▶ [ABOUT THIS TASK]: Up to and including the line with "Little Miss Mardi", please reproduce the lines below exactly, beginning with the first.

▶ [EXTRACTED DATA]:
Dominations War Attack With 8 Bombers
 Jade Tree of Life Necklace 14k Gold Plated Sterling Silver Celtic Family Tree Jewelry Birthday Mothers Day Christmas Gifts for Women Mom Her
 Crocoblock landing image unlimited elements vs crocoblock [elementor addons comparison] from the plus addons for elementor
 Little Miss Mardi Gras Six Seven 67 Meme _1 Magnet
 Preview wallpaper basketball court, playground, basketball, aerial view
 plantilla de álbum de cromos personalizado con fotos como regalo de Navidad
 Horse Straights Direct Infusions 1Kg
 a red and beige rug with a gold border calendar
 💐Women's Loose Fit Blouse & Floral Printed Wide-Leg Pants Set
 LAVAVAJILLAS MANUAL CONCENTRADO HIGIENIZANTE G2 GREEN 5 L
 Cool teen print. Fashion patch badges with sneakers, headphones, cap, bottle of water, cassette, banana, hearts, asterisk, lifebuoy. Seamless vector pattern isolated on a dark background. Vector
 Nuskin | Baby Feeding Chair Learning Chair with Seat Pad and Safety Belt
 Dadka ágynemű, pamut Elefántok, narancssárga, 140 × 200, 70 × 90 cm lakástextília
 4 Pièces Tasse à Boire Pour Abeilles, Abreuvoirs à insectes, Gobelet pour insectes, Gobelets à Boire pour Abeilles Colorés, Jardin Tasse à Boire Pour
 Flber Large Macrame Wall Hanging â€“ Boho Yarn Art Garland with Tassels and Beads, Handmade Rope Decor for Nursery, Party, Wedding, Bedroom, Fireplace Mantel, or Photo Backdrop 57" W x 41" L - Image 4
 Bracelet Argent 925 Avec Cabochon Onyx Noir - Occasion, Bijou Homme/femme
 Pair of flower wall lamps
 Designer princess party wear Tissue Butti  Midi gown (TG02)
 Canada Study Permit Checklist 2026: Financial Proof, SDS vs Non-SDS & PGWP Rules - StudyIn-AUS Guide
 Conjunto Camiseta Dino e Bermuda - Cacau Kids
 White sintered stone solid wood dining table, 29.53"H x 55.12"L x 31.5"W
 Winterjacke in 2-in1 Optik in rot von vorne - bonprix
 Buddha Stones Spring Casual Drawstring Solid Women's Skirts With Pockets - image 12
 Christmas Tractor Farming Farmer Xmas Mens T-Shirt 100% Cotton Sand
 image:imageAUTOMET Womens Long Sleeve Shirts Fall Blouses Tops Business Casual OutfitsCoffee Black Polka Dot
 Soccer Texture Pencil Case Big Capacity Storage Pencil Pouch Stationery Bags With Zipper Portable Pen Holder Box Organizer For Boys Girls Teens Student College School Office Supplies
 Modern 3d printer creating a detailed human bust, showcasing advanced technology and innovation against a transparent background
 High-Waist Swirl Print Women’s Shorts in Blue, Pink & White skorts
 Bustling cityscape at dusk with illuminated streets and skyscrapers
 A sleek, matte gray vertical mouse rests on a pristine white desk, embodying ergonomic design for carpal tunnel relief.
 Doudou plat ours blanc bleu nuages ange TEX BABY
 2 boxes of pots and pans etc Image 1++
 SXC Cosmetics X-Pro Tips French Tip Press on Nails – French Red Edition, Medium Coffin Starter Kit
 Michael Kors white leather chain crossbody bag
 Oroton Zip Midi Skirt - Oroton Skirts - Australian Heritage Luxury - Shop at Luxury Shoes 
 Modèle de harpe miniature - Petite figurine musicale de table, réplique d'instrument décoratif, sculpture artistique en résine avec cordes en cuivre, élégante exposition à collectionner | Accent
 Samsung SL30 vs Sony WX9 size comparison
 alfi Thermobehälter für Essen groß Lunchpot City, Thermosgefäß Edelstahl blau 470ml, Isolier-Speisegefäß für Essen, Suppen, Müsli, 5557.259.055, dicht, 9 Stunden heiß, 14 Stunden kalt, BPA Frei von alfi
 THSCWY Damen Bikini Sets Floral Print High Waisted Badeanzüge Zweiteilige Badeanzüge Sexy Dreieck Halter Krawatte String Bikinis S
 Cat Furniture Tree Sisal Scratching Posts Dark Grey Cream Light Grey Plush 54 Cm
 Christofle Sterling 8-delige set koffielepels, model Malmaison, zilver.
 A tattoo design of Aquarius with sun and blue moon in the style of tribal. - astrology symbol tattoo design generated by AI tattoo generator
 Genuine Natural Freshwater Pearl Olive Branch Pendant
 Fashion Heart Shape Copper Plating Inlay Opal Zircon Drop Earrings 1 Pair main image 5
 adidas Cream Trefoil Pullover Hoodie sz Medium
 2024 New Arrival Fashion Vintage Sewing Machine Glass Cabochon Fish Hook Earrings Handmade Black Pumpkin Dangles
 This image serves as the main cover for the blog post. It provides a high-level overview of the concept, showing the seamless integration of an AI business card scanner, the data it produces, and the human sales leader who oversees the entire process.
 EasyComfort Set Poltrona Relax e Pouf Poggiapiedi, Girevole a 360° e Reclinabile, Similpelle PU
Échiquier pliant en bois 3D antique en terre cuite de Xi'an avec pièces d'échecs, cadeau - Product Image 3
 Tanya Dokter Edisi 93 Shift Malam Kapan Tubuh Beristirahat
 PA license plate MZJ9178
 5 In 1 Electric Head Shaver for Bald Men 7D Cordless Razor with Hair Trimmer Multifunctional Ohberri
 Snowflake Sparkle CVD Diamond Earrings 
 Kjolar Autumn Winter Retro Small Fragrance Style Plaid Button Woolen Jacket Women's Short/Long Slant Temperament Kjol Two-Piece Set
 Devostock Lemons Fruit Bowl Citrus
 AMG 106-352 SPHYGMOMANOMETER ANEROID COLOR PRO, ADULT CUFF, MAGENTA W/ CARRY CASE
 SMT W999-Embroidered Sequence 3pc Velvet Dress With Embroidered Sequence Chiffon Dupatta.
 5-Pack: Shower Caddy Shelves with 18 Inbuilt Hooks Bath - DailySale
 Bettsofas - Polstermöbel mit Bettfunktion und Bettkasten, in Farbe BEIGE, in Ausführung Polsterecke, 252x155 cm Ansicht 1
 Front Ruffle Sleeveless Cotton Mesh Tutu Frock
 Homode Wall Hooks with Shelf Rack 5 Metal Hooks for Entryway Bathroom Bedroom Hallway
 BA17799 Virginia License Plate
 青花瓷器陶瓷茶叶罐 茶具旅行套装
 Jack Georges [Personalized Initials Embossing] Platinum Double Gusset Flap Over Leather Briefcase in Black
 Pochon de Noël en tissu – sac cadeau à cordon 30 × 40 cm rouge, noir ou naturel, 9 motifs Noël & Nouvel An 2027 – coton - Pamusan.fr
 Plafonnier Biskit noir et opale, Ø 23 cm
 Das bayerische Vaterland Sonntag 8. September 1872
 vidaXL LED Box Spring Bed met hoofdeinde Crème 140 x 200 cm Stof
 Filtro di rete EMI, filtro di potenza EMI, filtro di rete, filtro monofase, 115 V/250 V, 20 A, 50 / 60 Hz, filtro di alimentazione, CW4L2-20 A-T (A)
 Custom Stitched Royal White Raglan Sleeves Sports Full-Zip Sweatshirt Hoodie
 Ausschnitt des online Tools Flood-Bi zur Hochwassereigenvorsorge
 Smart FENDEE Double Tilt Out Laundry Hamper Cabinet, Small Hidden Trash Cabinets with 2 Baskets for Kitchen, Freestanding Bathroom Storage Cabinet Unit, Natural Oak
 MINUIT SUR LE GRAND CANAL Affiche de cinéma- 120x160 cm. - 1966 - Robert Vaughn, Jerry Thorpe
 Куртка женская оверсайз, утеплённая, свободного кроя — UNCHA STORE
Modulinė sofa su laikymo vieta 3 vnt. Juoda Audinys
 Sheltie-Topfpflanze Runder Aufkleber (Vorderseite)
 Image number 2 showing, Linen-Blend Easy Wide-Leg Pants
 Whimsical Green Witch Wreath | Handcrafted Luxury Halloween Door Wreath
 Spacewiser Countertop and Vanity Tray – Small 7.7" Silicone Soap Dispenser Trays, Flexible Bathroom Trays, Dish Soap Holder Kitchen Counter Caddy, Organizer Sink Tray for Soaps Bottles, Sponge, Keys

▶ [WRITTEN REPLY]:
Dominations War Attack With 8 Bombers
 Jade Tree of Life Necklace 14k Gold Plated Sterling Silver Celtic Family Tree Jewelry Birthday Mothers Day Christmas Gifts for Women Mom Her
 Crocoblock landing image unlimited elements vs crocoblock [elementor addons comparison] from the plus addons for elementor
 Little Miss Mardi Gras Six Seven 67 Meme _1 Magnet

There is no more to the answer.